Please introduce yourself and where you work.

I’m Andrew Roberts, CEO at Primo Interactive. Located in the UK and Lithuania, we have been providing online marketing services internationally since 2006.

How do you think SEO has changed over the last 10 years?

SEO today is, in my eyes, unrecognisable from SEO 10 years ago. Cutting-edge technical and on-page SEO techniques from 2008 are now basic prerequisites. Still important, but now necessary simply to get SERPs and no longer the route to top positions. SEO now and in the future must be part of a holistic branding and PR strategy and both infrastructure, design and development must be on-point. Thankfully, the more difficult long-term approach that we’ve been espousing for 12 years is now paying off as many of the black-hat tricks that worked 10 years ago are now at best ineffective and at worse penalised.

How did you get introduced to digital marketing, more specifically SEO?

Google launched whilst I was studying Information Technology at college and it quickly became clear that it was going to be a game changer. Building hobbyist websites during this time and witnessing the demise of incumbent search engines such as Excite, Infoseek, AltaVista, HotBot, AllTheWeb, Yahoo! and Ask Jeeves made it clear that if you wanted to be found online, you better become familiar with Google’s Webmaster Guidelines. As such a broad subject that touches heavily on so many areas of business and technology and blends art and science, I quickly realised that SEO specifically and digital marketing, in general, was the career for me.

What are the services you provide to your clients?

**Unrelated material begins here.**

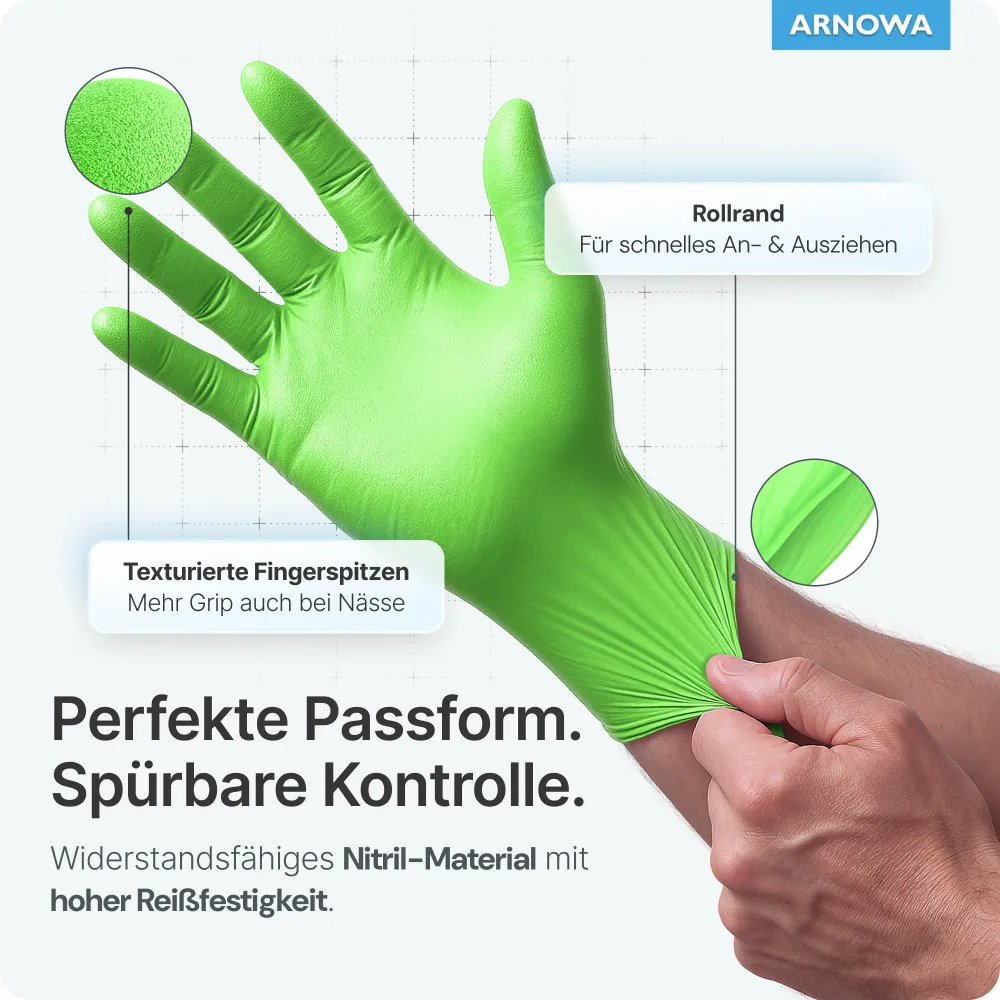 ARNOMED NITRIL LIME GREEN Mănuși de unică folosință din nitril verde lime L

As a full-service agency, we provide a complete range of services to help our clients to acquire, convert, optimise and grow. These include, of course, SEO as well as software development, website design, database development, advertising, marketing and PR.

What strategy according to you will prevail in 2018 for SEO?

Instead of thinking about websites, brands should focus on web experiences and be ensuring that they deliver a fast, integrated, reliable and engaging experience to users. Serving sites over HTTPS is a must, as is providing an amazing user experience regardless of device (Google’s mobile-first indexing being a good indication of this). Strong branding, PR and coherent SMM strategies must be used to instil trust and create better user engagement. Infrastructure, design and coding should minimise TTFB (time to the first byte) and provide support for offline browsing. As voice search grows in popularity, SEO strategies will need to adapt to potential differences between typed and spoken search terms. Microdata and schema markup will continue to be important, but increased AI and machine learning usage by search engines may affect implementation best practices. Content creation should take into account user intent and provide a complete path from A-Z in order for brands to compete in a semantic search landscape. In summary, what will ultimately prevail in 2018 for SEO are the same things that have always been and always will remain effective – A thorough understanding of search engine algorithms, effective competitor analysis, cutting-edge infrastructure, design and coding and a cohesive branding, PR and SMM strategy.

What would your advice be to people who are looking to take up digital marketing as a career choice?

Good choice! Digital marketing can be a very rewarding career path. You’ll never stop learning and discovering tangential knowledge. Remember that what works today may not work tomorrow and that SERPs are a means to an end and a part of a bigger strategy, not something to be achieved at any cost.